Data Interpretation & Statistics

🟢 Lite

Key Rule / Formula

Mean = Sum of all values ÷ Number of values. For grouped data, Mean = Σ(f × x) ÷ Σf, where x is the midpoint of each class interval.

Memory Trick

“SAM” for Mean: Sum it up, Ask how many, Mean = Sum ÷ Count. For mode (most frequent value), remember “MOO” — the Mode is the one that MOOs loudest (most frequent). For median, the Middle value splits the data in half.

1-Sentence Summary

SSC tests your ability to read tables, bar graphs, pie charts, and line graphs — extracting numerical facts, computing averages, percentages, and comparing quantities presented visually.

Quick Example

Q: A pie chart shows expenditure on rent (25%), food (35%), transport (15%), and savings (25%) from a monthly income of Rs. 40,000. What is the amount spent on food? A: Rs. 14,000 — 35% of 40,000 = (35/100) × 40,000 = 14,000 ✓

🟡 Standard

Concept

Data Interpretation and Statistics together form one of the most scoring and time-bound sections in SSC CGL Tier 2. The questions test two distinct but complementary skill sets: the ability to read and extract information from charts and tables (Data Interpretation), and the ability to compute and understand statistical measures of central tendency and dispersion (Statistics proper).

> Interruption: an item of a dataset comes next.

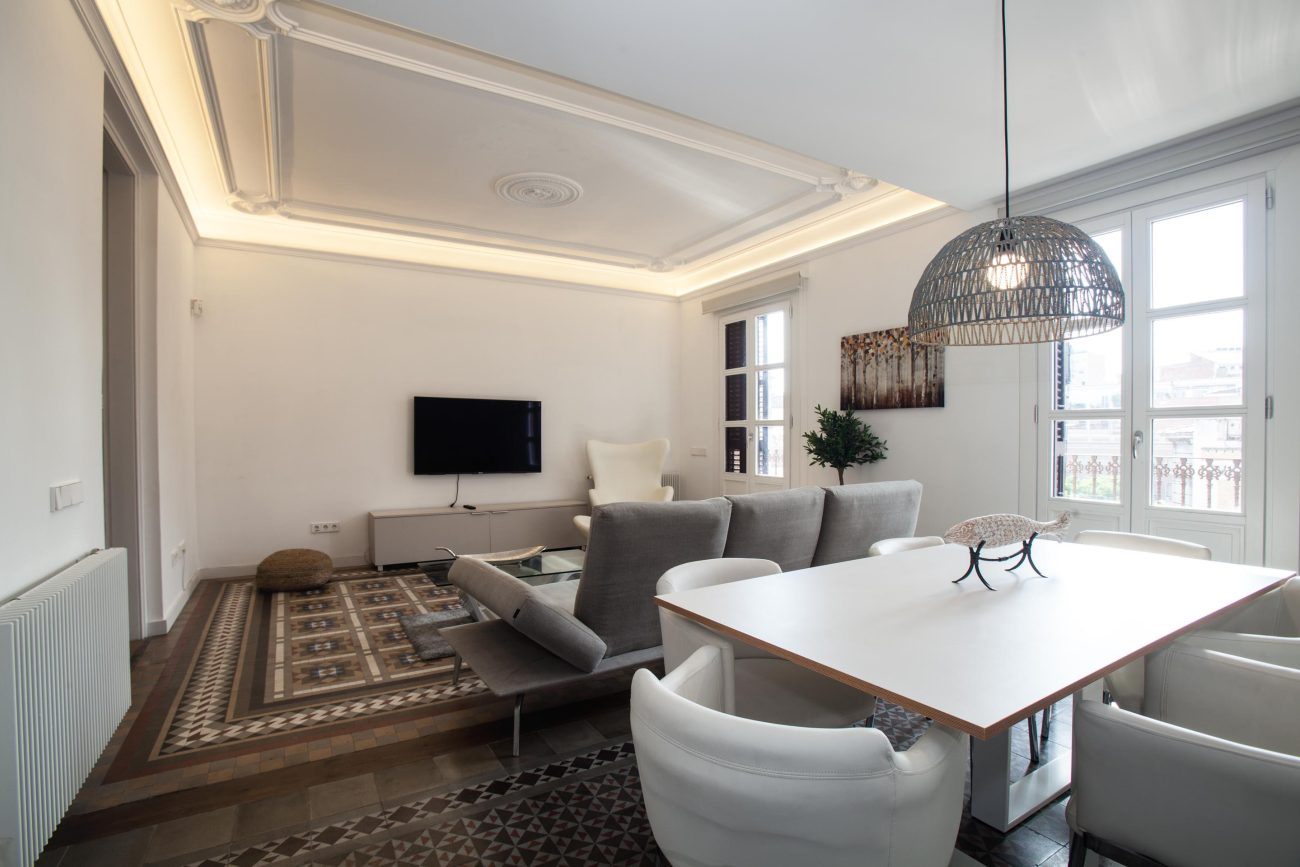 Spectacular apartment in a stately building in the heart of Barcelona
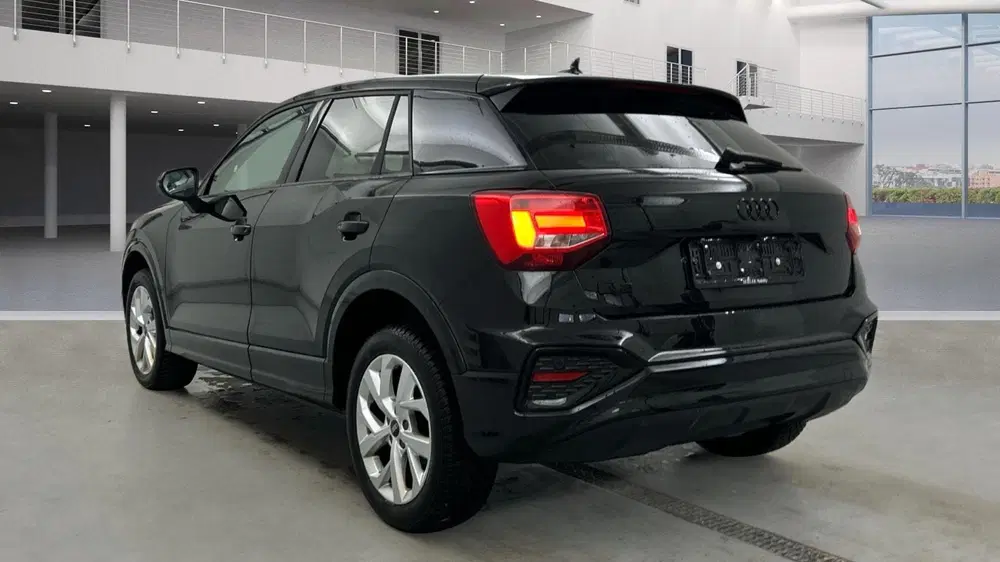 Audi Q2 35 TFSI Advanced edition Black uit 2024, foto 3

The three measures of central tendency answer three different questions about a dataset. Mean answers “what is the average?” — sum all values and divide by count. Mean is sensitive to extreme values (outliers) because every value contributes to it. Median answers “what is the middle?” — sort data, find the central value. Median is robust to outliers and better represents skewed distributions. Mode answers “what occurs most?” — the value with highest frequency. Mode is especially useful for categorical data where you can’t compute an average.

Standard deviation measures how spread out the data is from the mean. A low standard deviation means data clusters near the mean; a high standard deviation means data is widely scattered. For grouped data, standard deviation is calculated using the assumed mean method or step deviation method, which reduce arithmetic complexity. Variance is simply the square of standard deviation.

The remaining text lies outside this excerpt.